Il prologo che ha aperto alla Pergola di Firenze l’omaggio di Glauco Mauri e Roberto Sturno al caro, vecchio Samuel, sinteticamente titolato En attendant Beckett, svela tutto l’appeal immaginifico di cui nel corso delle stagioni si sono nutriti i due, protagonisti di un sodalizio artistico esclusivo quanto felicemente longevo. L’atteso Godot, impaginato da Andrea Baracco, arriva in due tempi, immagini e parole, inanellando un affascinante circuito beckettiano, punteggiato di memorie personali, filologie interpretative, inedite apparizioni e emozionanti confronti.

Solletticato dalle musiche eseguite dal vivo da Giacomo Vezzani, scorrevano atti unici e radiodrammi, poesie, brani letterari, il docufilm Dal silenzio al silenzio di Seàn O’Mòrdha, dove il Nostro (notoriamente restio ai riflettori) si rivela in diretta per la prima volta, e infine, in sequenza, Atto senza parole affidato a Sturno e L’ultimo nastro di Krapp: Mauri davanti al magnetofono che dialoga con la sua voce di trentenne, registrata a Milano, ottobre 1961, teatro di via Manzoni, quando Krapp fece la sua apparizione in Italia, diretto da Franco Enriquez. Vale la pena ricordare che questo sbalorditivo «effetto eco», lo si deve alla Karim, etichetta discografica di ispirazione genovese, fondata fra gli altri da Guido Chiesa e Giuseppe De Andrè, il padre di Fabrizio (fu il suo primo studio di incisione) che lanciò anche una avveniristica collana in vinile dedicata al teatro.

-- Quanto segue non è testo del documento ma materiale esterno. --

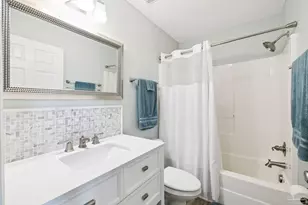 7464 Sunset Harbor Dr, Navarre, FL 32566 - Photo 10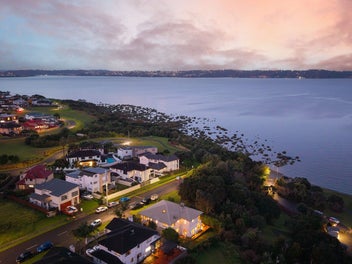 Owner downsizing - secure these views now!
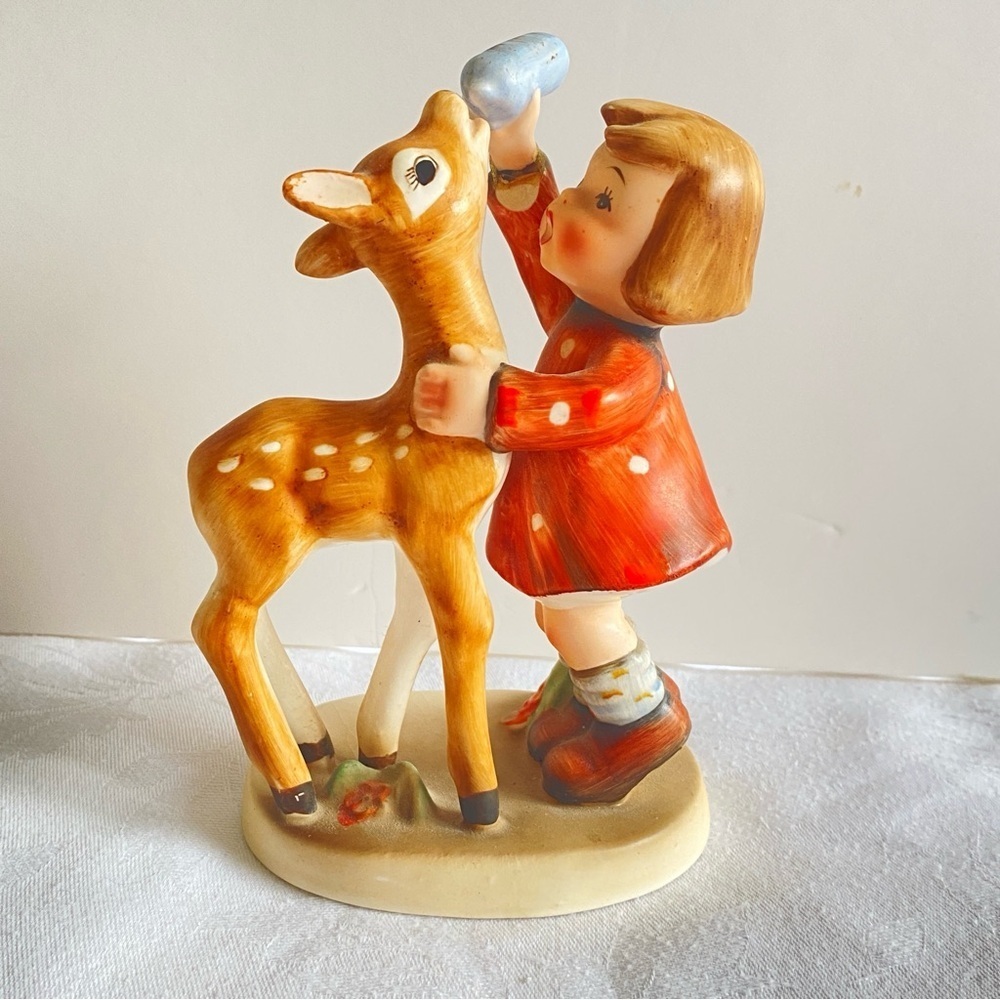 Vintage Napco Figurine “Feeding Time” AH1H Girl and Deer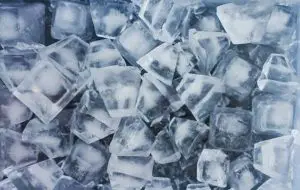 Keep ice cubes from sticking together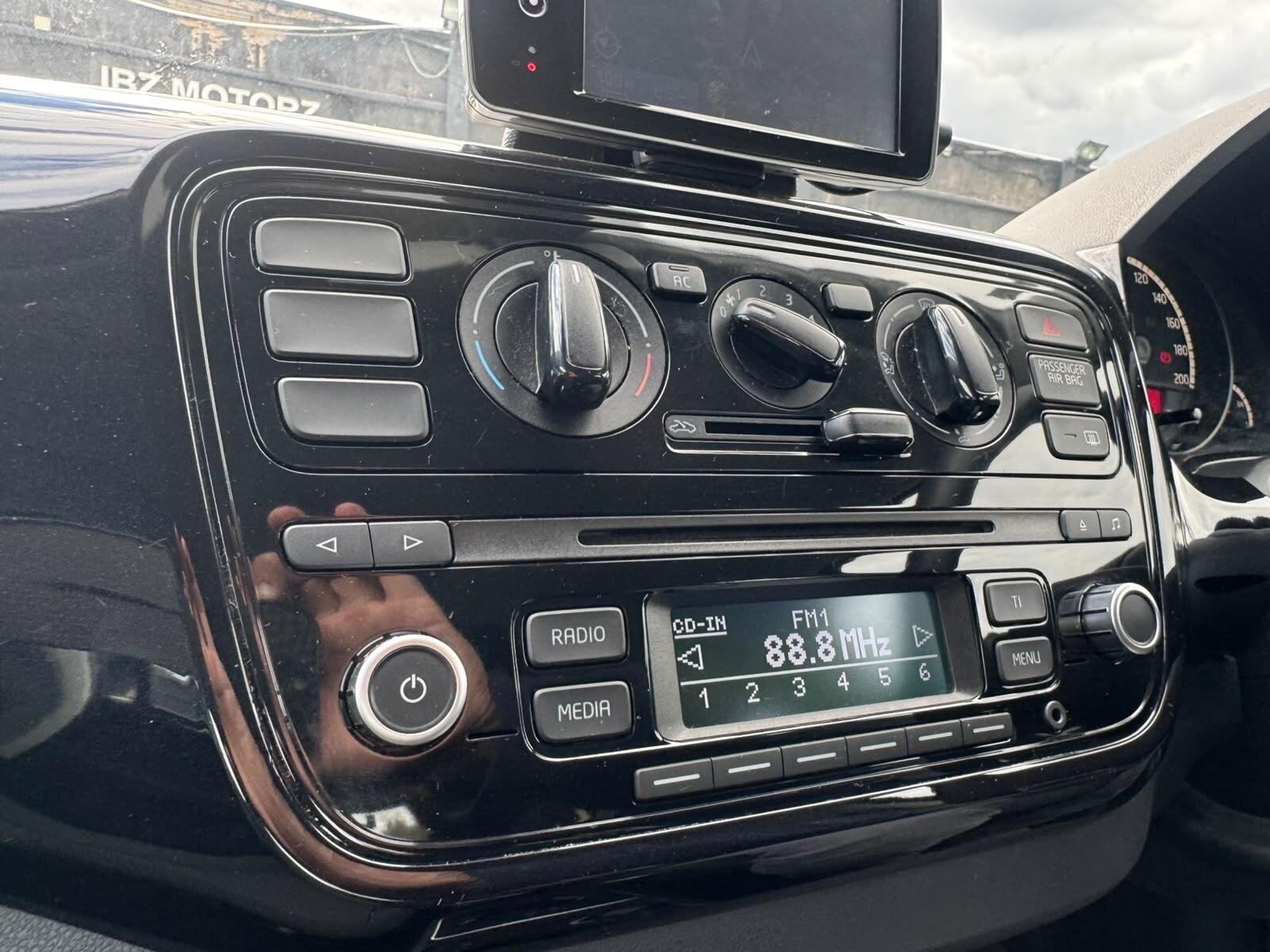 Volkswagen Up! view 35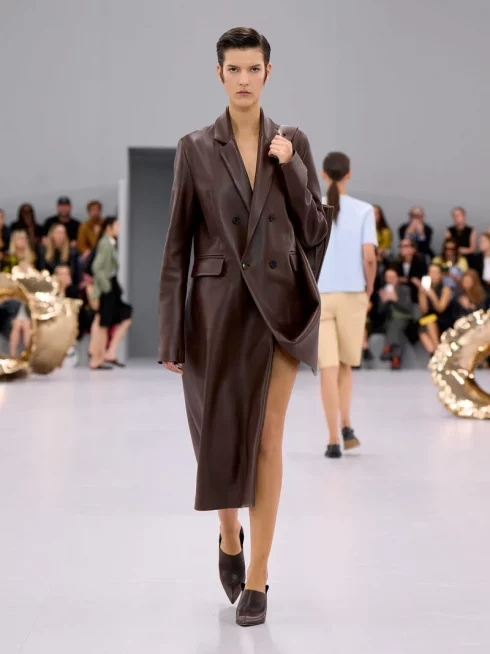 LOEWE_SS24_MW_SHOW_RUNWAY_LOOK_18_FRONT_RGB_CROPPED_3x4_18-490x654.webp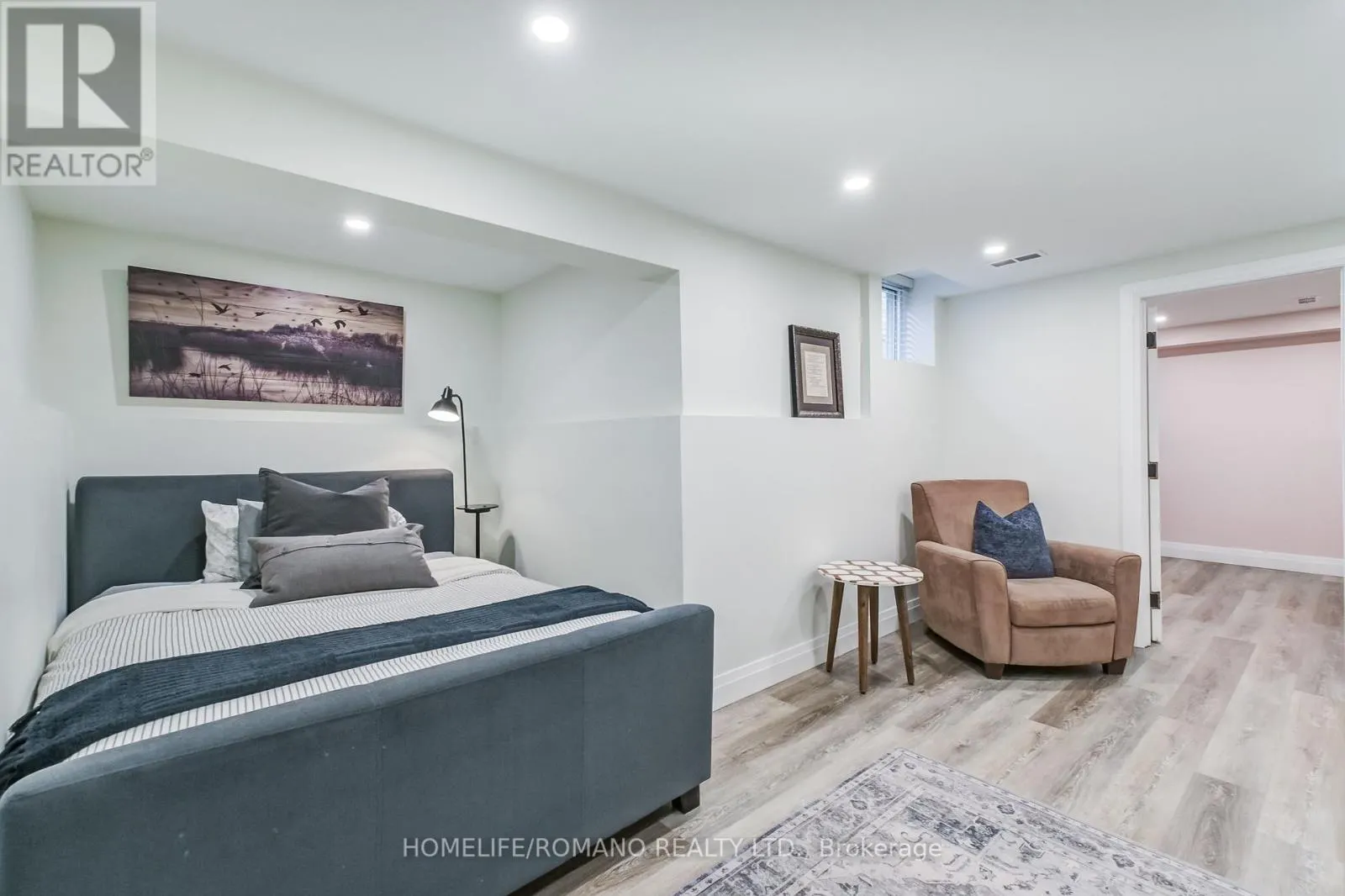 10 GLEN HILL DRIVE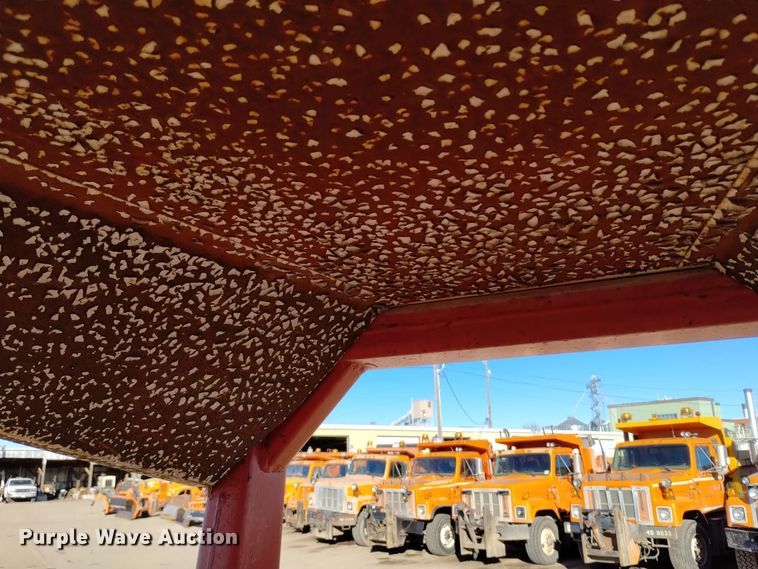 image for item DV6604 1977 Massey Ferguson  285 tractor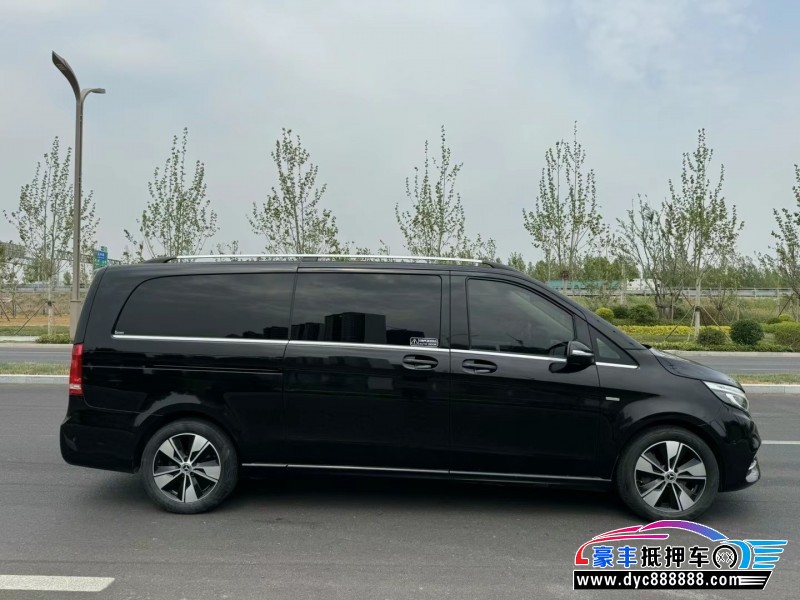 21年奔驰V轿车抵押车出售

Sempre con Baracco in cabina di regia e Vezzani a distillare suoni, il palcoscenico della Pergola accoglie fino a domani (scene e costumi di Marta Crisolini Malatesta) la partitura a due voci, sveglia, fischietto, rimbombi, stridori e dissonanze di Finale di partita, spazio eclettico di umanità alla deriva, conteso da Mauri/Hamm, cieco, stizzoso, inchiodato su una poltrona a rotelle come fosse il trono di Lear, e da Sturno/Clov, schiavo badante assistente, figurina enigmatica che gli si agita perennemente attorno, ubbidiente e scocciato servo di scena che immagina una fuga impossibile. Abbandonati nei bidoni della spazzatura gracidano nudi, Nagg e Nell (Mauro Mandolini e Elisa Di Eusanio), i genitori di Hamm, relitti umani senza gambe, comparse di questa «no man’s land» di proporzioni umanissime, sfrattata l’incudine cerebrale, ridotta l’ambizione metafisica, decurtata l’angoscia esistenziale, che alla fine, la valigia di fianco a Clov, il fazzoletto sul viso di Hamm, sfuma, in una dissolvenza magrittiana.